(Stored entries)

※

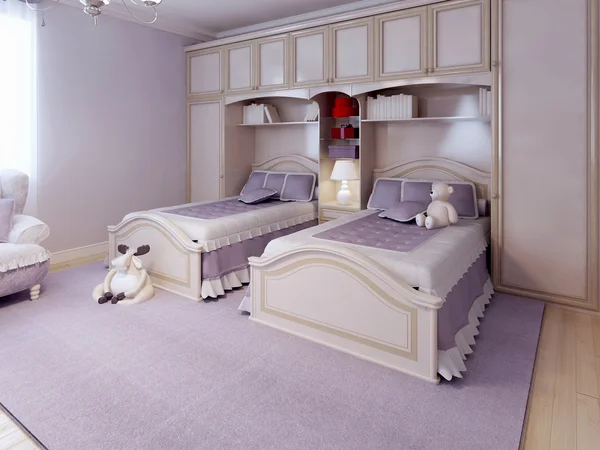 Art deco bedroom design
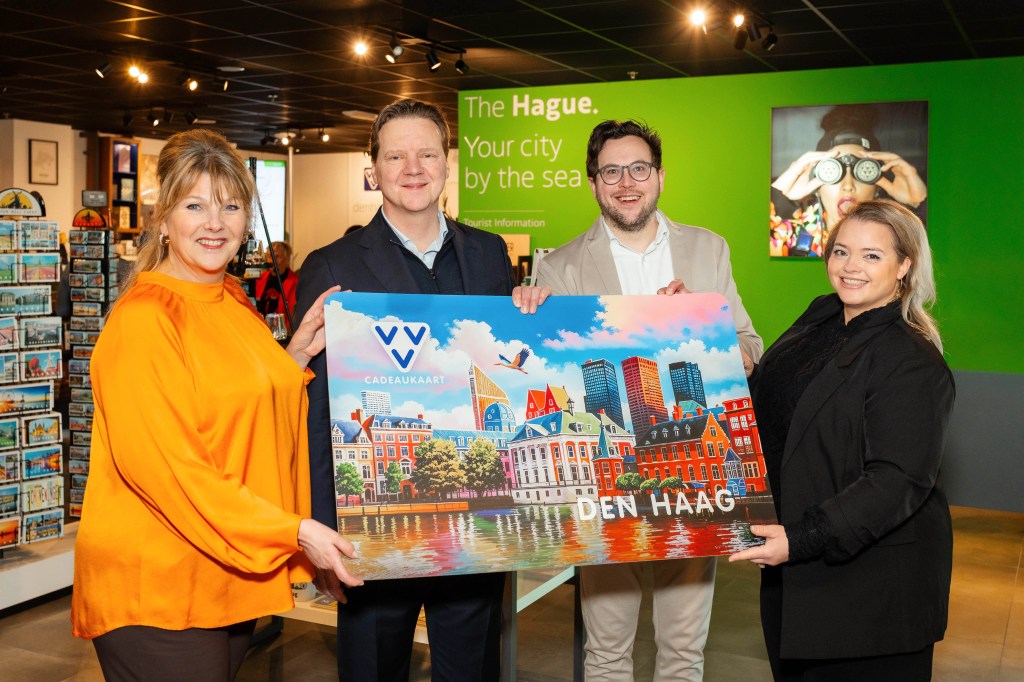 Den Haag introduceert de Haagse VVV Cadeaukaart: een cadeau dat de stad versterkt
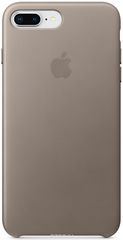 Apple Leather Case   iPhone 7 Plus/8 Plus, Taupe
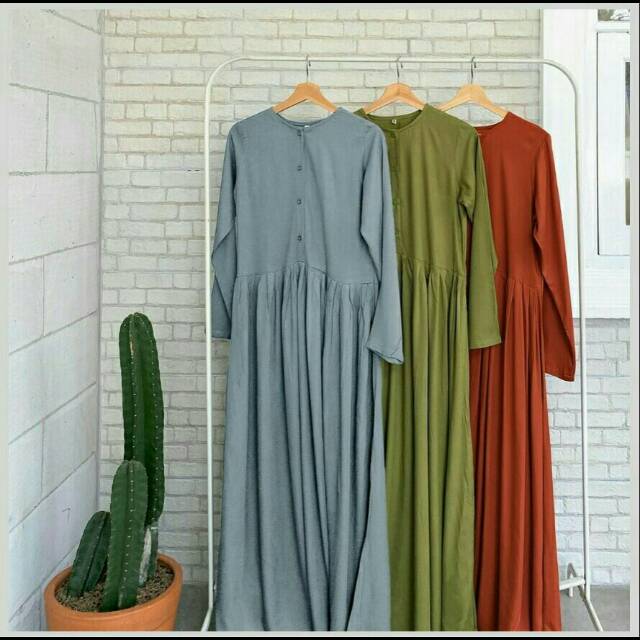 Inayah Basic Dress by Vanilla Hijab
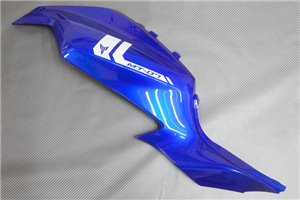 Painted street fairings in abs compatible with Yamaha MT07 - FZ7 2014 - 2017 - MXPCYT16165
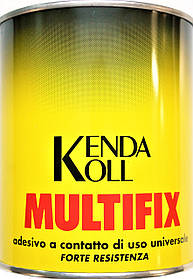 Контактний універсальний клей для взуттєвої, меблевої, авто промисловості, човнів, у побуті MULTIFIX 0,8 кг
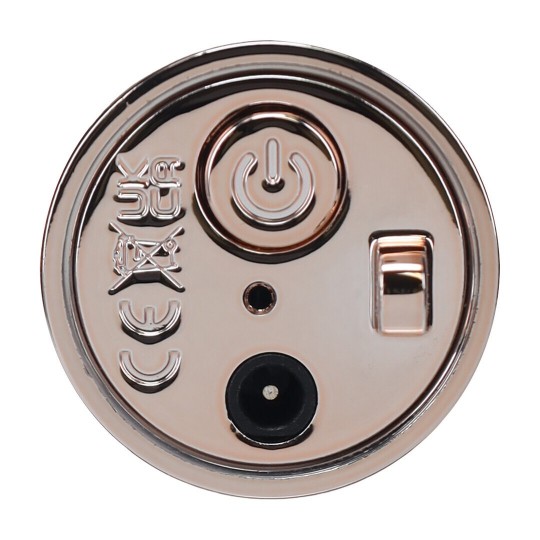 ANGEL - LIPSTICK VIBRATOR WITH 4 ATTACHMENTS - PINK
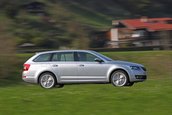 Skoda Octavia Combi 4x4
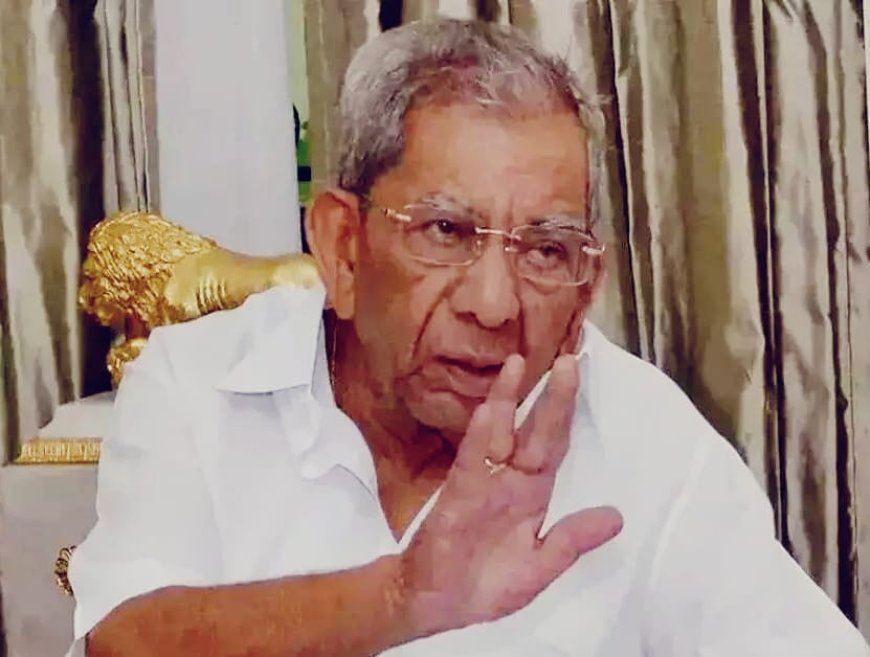 ಕಾಂಗ್ರೆಸ್ ಹಿರಿಯ ಶಾಸಕ‌ ಶಾಮನೂರು ಶಿವಶಂಕರಪ್ಪ ನಿಧನ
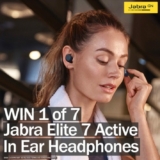 JB Hi-Fi Competition: Win 1 of 7 Jabra Elite 7 Active ANC True Wireless In-Ear Headphones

※

Task item: Copy the lines exactly. Start at the line with "Apple Leather Case", end at the last line above, include both, and omit all pictures.

Answer to the exercise:
 Apple Leather Case   iPhone 7 Plus/8 Plus, Taupe
 Inayah Basic Dress by Vanilla Hijab
 Painted street fairings in abs compatible with Yamaha MT07 - FZ7 2014 - 2017 - MXPCYT16165
 Контактний універсальний клей для взуттєвої, меблевої, авто промисловості, човнів, у побуті MULTIFIX 0,8 кг
 ANGEL - LIPSTICK VIBRATOR WITH 4 ATTACHMENTS - PINK
 Skoda Octavia Combi 4x4
 ಕಾಂಗ್ರೆಸ್ ಹಿರಿಯ ಶಾಸಕ‌ ಶಾಮನೂರು ಶಿವಶಂಕರಪ್ಪ ನಿಧನ
 JB Hi-Fi Competition: Win 1 of 7 Jabra Elite 7 Active ANC True Wireless In-Ear Headphones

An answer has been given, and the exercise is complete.